Editorial Policy Committee. The Editorial Policy Committee shall be responsible for evaluating general and specific editorial policies for member journals to consider and making recommendations related thereto to the Board of Directors for possible dissemination to the membership.

Section 6.
Education Committee. The Education Committee shall be responsible for developing and reevaluating educational materials and recommending to the Board of Directors their possible dissemination to the membership.

Section 7.
Ethics Committee. The Ethics Committee shall be responsible for developing statements on ethical issues and the code by which member journals should abide, and recommending to the Board of Directors their possible dissemination to the membership. The Ethics Committee may, on referral by the President, also evaluate allegations of ethical improprieties against WAME members.

Section 8.
Other Committees. The President may appoint with the advice of the Board of Directors, such other committees or task forces as may be deemed advisable. Appointment of such committee or task force shall be accompanied by a written statement of (a) purpose, (b) members and chair, and (c) anticipated life of the committee or task force.

Article IX - Fiscal Year

The fiscal year of WAME shall begin on January 1.

Article IX - Dissolution

In the event of dissolution or final liquidation, the remaining assets of WAME shall be applied and distributed as follows: All liabilities and obligations of the Association shall be paid, satisfied, and discharged, or provision shall be made therefore; any assets held on the condition they be returned, transferred, or conveyed upon dissolution shall be disposed of in accordance with such requirements; all remaining assets of every nature and description whatsoever shall be distributed to one or more corporations, funds, foundations, qualified for exemption from tax as an exclusively charitable or educational corporation fund or foundation.

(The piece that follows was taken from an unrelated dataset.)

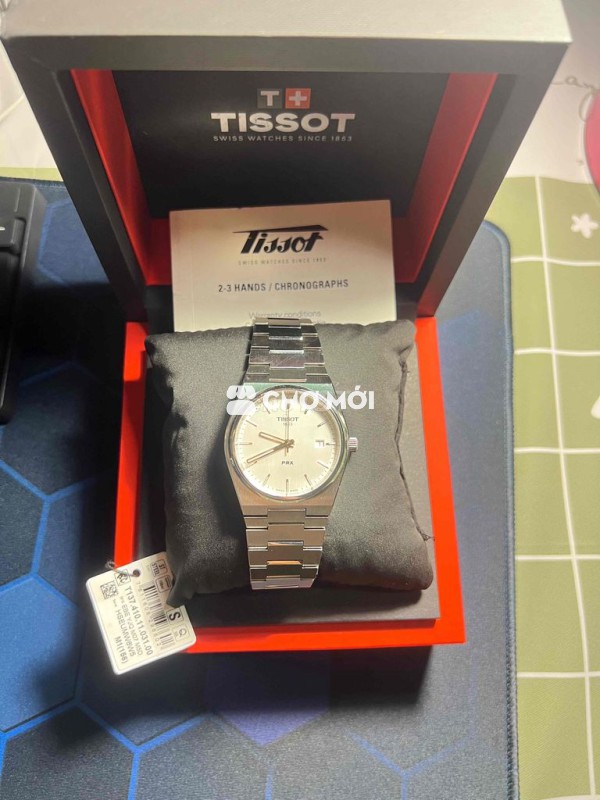 Cần Bán Gấp: Tissot PRX 40mm Nam Quartz T137.410.1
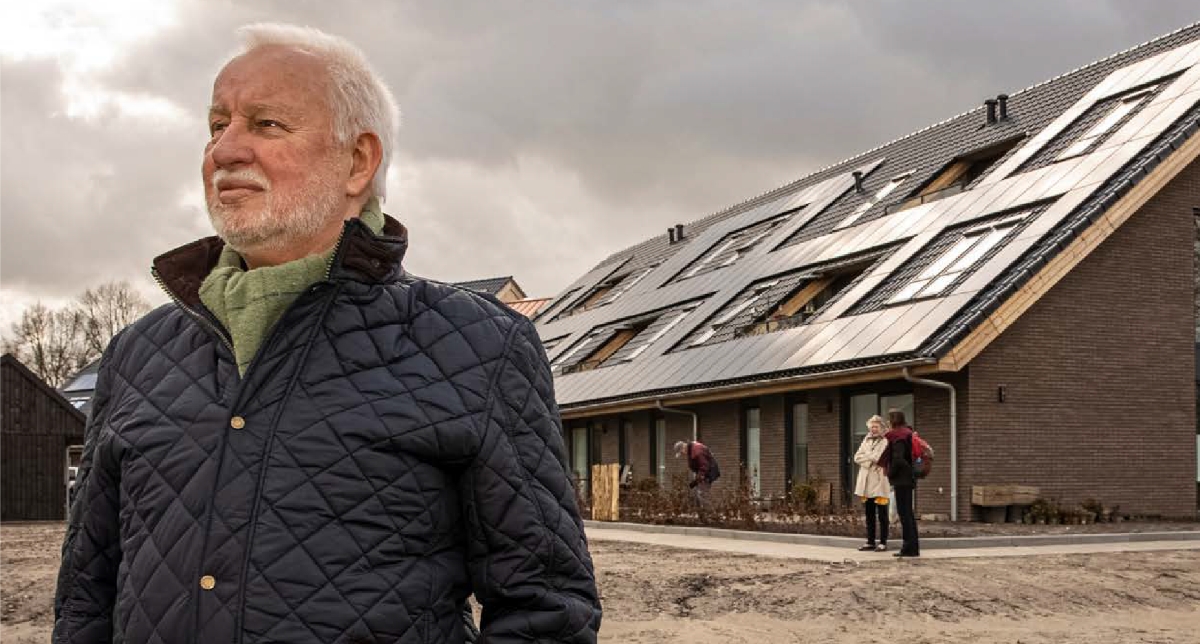 Burgerparticipatie aan de basis van woonzorgcentrum De Borgstee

Article XI - Indemnification

The Board of Directors shall purchase or cause to be purchased an insurance policy to indemnify officers, directors, or employees against any and all expenses and liabilities actually and necessarily incurred by them or imposed on them in connection with any claim, action, suit, or proceeding (whether actual or threatened, brought by or in the right of the Association or otherwise, civil, criminal, administrative or investigative, including appeals) to which the defendant may be or is made a party by reason of his/her being or having been an officer, director, or employee of the Association, provided, however, that there shall be no indemnification in relation to matters as to which s/he shall be adjudged in such claim, action, suit or proceeding to be guilty of a criminal offense or liable to the Association for damages out of his/her own negligence or misconduct in the performance of a duty to the Council. The provisions of this Article shall be applicable to claims, actions, suits, or proceedings made or condemned after the adoption hereof, whether arising from acts or omissions to act occurring before or after adoption thereof.

Article XI - Amendments

Section 1.
Proposal. Amendments to these by-laws may be proposed by (a) majority vote of the Board of Directors or (b) a petition signed by at least 10% of the regular members. Such proposed amendments shall identify the relevant article and section and state the precise words to be amended.

Section 2.
Vote. Upon receipt of an amendment proposal as outlined in Section 1 of this Article, the Secretary shall within 60 days cause the proposed amendment to be sent to regular and emeritus members for vote. Two-thirds majority of those voting shall be required for adoption of the amendment.

Section 3.
Notification. The Secretary shall notify the membership of the results of a vote conducted in accordance with Section 2 of this Article.